Andrea Bonomi mise sur le potentiel de rebond de Tod’s
L’arrivée d’Andrea Bonomi au capital d’une société cotée ne passe pas inaperçu ! L’action du chausseur italien Tod’s a gagné hier 7,07% à 65,10 euros, après l’entrée de l’homme d’affaires milanais à son capital. A travers son fonds Strategic Capital, Andrea Bonomi a pris 3% du capital de Tod’s, soit un investissement de l’ordre de 60 millions d’euros. Un investissement de long terme pour soutenir la croissance du groupe de luxe.

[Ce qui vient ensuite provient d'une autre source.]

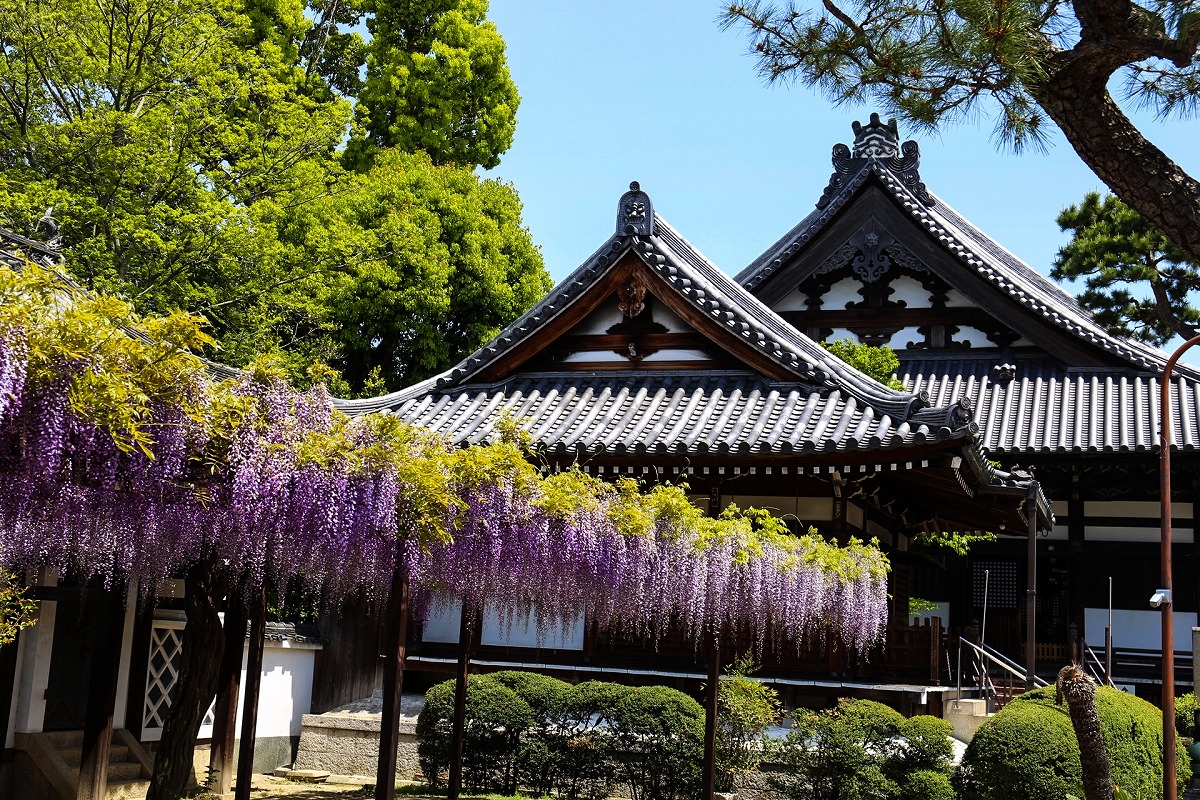 葛井寺の藤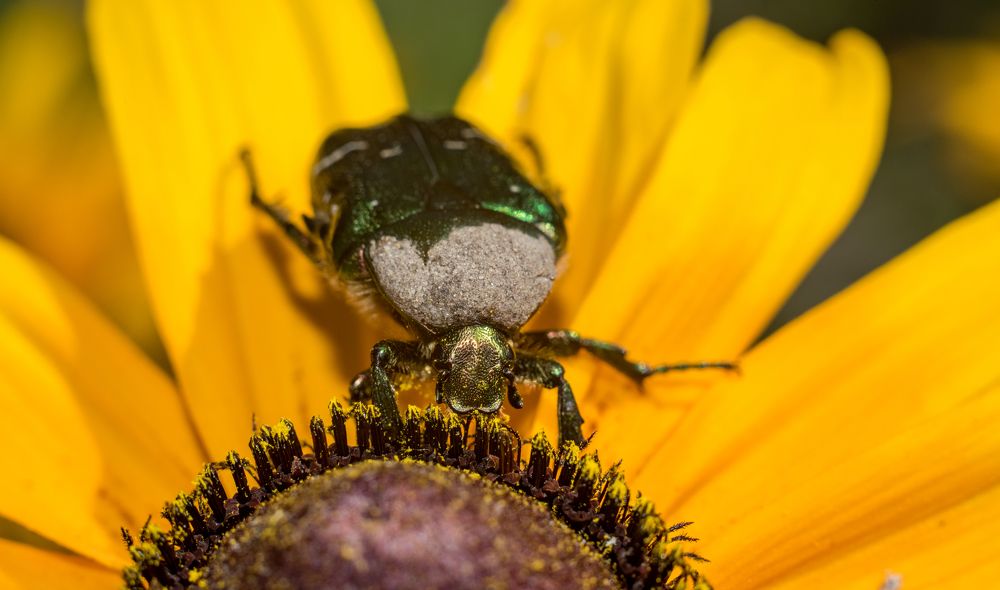 Photograph by slavka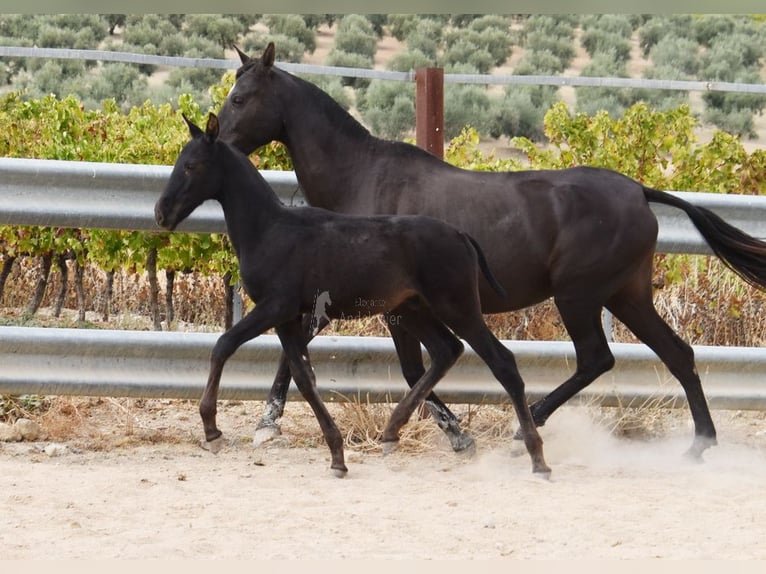 PRE Stallion 1 year 16 hh Black in Provinz Cordoba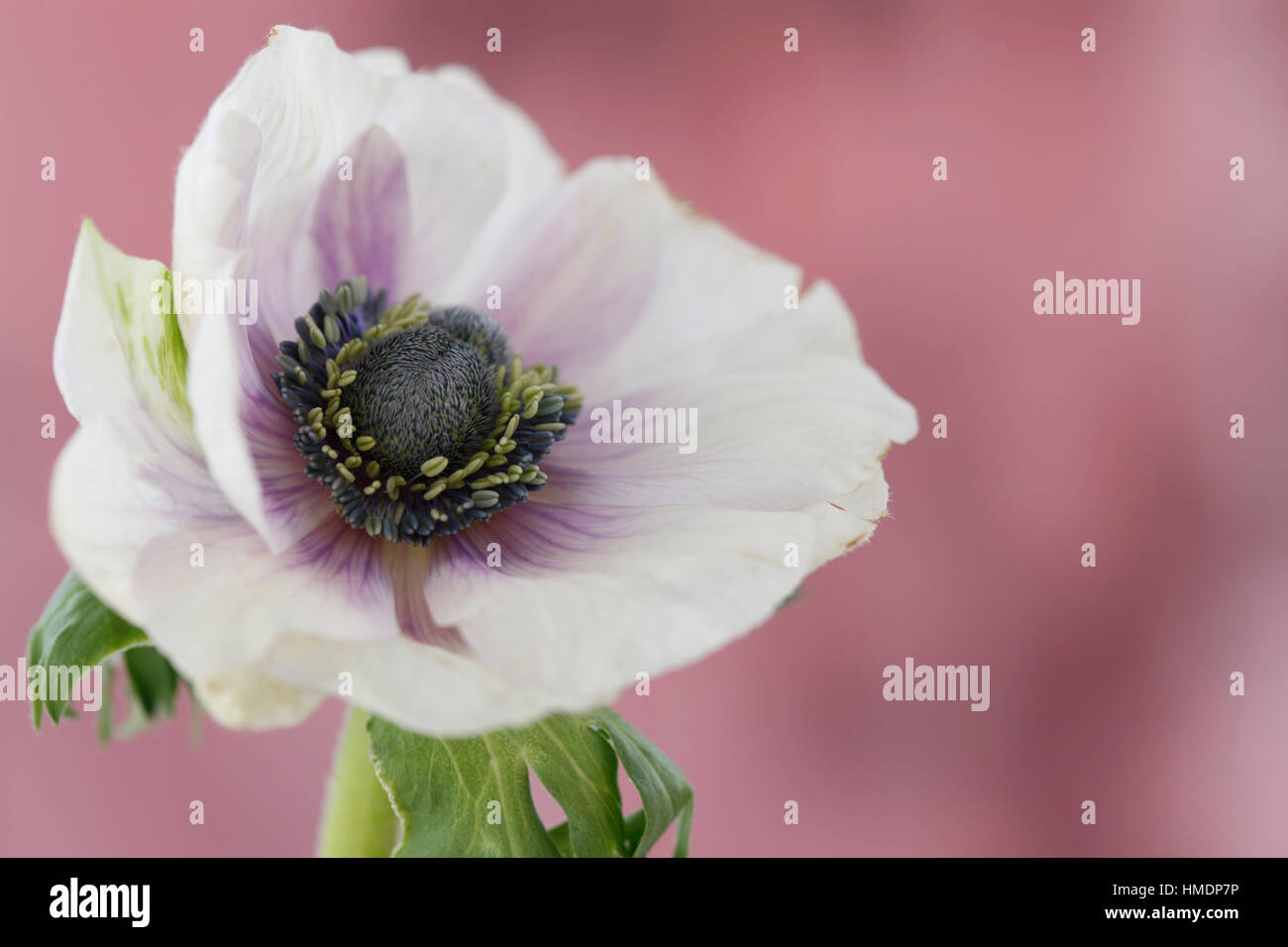 Un singolo anemone bianca con dei fiori viola centro sul mauve ancora in vita - fragile bellezza nel linguaggio dei fiori Jane Ann Butler JABP Fotografia1800 Foto Stock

Andrea Bonomi avait agité le microcosme parisien fin 2014, en s’engageant dans une bataille acharnée avec le chinois Fosun pour la reprise du Club Méditerranée, avant de jeter l’éponge début janvier 2015. En décembre 2015, Investindustrial, groupe de capital-investissement de la famille Bonomi, avait acquis 100% du chausseur italien Sergio Rossi, auprès du groupe français Kering. Tod’s, qui détient dans son escarcelle également les marques Hogan, Fay, et Roger Vivier, est dirigé par Diego Della Valle, qui contrôle 61% du capital. Bernard Arnault détient aussi 3,4% des titres, et le fonds Oppenheimer 3,7%, selon la Consob, le régulateur italien.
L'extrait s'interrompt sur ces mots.